Lately I feel like I might know how the cavemen felt, watching all the dinosaurs die off. Something that has always been around begins to fade into memory with only bones and fossils to remind us that it ever existed. I am speaking, of course, of the dying genre of romantic comedy. Most films purported to be of this sort are conspicuously lacking in either romance or comedy. Casual sex? Yes, by the truck loads. Humor involving casual sex? Indeed. But when it comes to the I-can’t-believe-he-just-did-that-for-her romance or the oh-crap-I-just-wet-my-pants-because-I’m-laughing-so-hard humor, well, not so much.
My first clue that the species might be endangered was Down with Love. Watching this movie felt a bit like seeing your grandmother in her underwear or hearing your pious Uncle Fred tell a dirty joke, and not a very funny one at that. Still I held out hope that this was an aberration, but after being burned again and again, I had begun to seriously doubt that the strongest were surviving. (All you have to do is sit through Knocked Up and Forgetting Sarah Marshall to see that Darwin obviously did not know film.)
There are those who would say that the death of the romantic comedy is hardly a loss, but I beg to differ. When my life is a bit dreary or just downright depressing, a little Jane Austen BBC-style can go a long way in lifting my spirits. There are those who would call this escapism and I will fully admit this is a danger to be avoided. But a well crafted romance can inspire, encourage, and even reprimand us for taking for granted one of God’s greatest gifts to mankind—romantic love. Our views of love are reflected, shaped, and then reflected back again by the powerful force of a good love story.
A few weekends ago, I watched two films back to back—Once and Broken English. One of these left me in awe of its simplicity and beauty. The other was like the third Oreo—it feels so good going down but the more the think about it, the more you regret having swallowed it. I think these two films make a great study in contrasts. Old school love is supposed to inspire us and make us better people, whereas the new school says if you sleep with enough people eventually you might luck out and find someone you can spend at least the next three months with. (Is my bias showing?)
On the surface, Once might seem far from the classic love story. It’s a bit darker, a bit sadder and the two main characters never actually “fall in love,” which in modern love story language translates “they never sleep together.” What they do is bring out the best in one another, challenge one another, and leave each others’ lives a little better off.
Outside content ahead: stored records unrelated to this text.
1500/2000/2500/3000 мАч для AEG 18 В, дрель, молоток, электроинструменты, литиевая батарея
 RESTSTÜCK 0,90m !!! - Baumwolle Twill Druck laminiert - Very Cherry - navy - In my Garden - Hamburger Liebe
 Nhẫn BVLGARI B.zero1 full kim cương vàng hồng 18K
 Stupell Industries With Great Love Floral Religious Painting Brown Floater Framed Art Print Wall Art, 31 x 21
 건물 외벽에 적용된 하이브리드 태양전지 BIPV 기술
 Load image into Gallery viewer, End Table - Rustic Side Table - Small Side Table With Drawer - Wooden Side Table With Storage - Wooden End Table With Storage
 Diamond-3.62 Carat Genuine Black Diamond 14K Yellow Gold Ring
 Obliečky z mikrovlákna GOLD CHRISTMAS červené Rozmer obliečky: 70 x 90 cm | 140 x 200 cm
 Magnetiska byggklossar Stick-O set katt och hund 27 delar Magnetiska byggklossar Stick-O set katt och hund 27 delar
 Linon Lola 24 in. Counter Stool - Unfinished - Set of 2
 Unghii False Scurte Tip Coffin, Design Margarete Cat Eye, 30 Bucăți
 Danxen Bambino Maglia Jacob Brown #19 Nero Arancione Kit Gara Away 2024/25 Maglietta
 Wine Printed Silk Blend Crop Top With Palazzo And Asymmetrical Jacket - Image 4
They never show any physical affection for one another (they never even articulate their feelings) because to do so wouldn’t be in the best interest of either one of them, and they know this. They are tempted, but they refrain and in the end leave their friendship untarnished by regret. One of the biggest flaws in modern romance movies is that they tend to be peopled by characters whom you either don’t understand or really don’t care for. I can’t count the number of films I have seen where I am supposed to be rooting for the main characters, who are misunderstood, insecure, immature, etc. I wouldn’t let these people walk my dog, let alone date my daughter (granted, she is only four, but you get the idea).
This isn’t entirely true of the second film, Broken English but it isn’t far off either. This movie definitely fits more in the modern love story mold. Desperately (and I mean desperately) lonely girl, seeks love and companionship, and looks for love in all the wrong places. Parker Posey’s performance as Nora is amazing. You genuinely like her, want to see her happy, and definitely wish that she were your friend (and your size) so that you could raid her wardrobe. (Side note: wardrobe. It used to be that the heroines were beautiful despite their poverty, sometimes even despite their outward appearance, e.g. Jane Eyre. Then we had great clothes and good character, e.g. anything Doris Day. Now it seems like we are supposed to like the main character solely based on her clothing choices. But I digress.) The major flaw of Broken English is that you are simply supposed to take the filmmakers’ word for it that Nora has grown and become content with her singleness (during a brief holiday in Paris while searching for her lost lover). Not only that but you are supposed to take on faith the fact that this man is good for her simply because he has a foreign accent, dances badly, and is sad to leave her. Some foundation for true love. When Nora agrees to stay and “see what happens” with Julian you feel a hollow sense of victory. It’s like Cool Whip; they may try to convince you it’s just like whipping cream, and for making Jell-O salad it will do. But deep down inside, you know it’s just a cheap imitation of the real thing.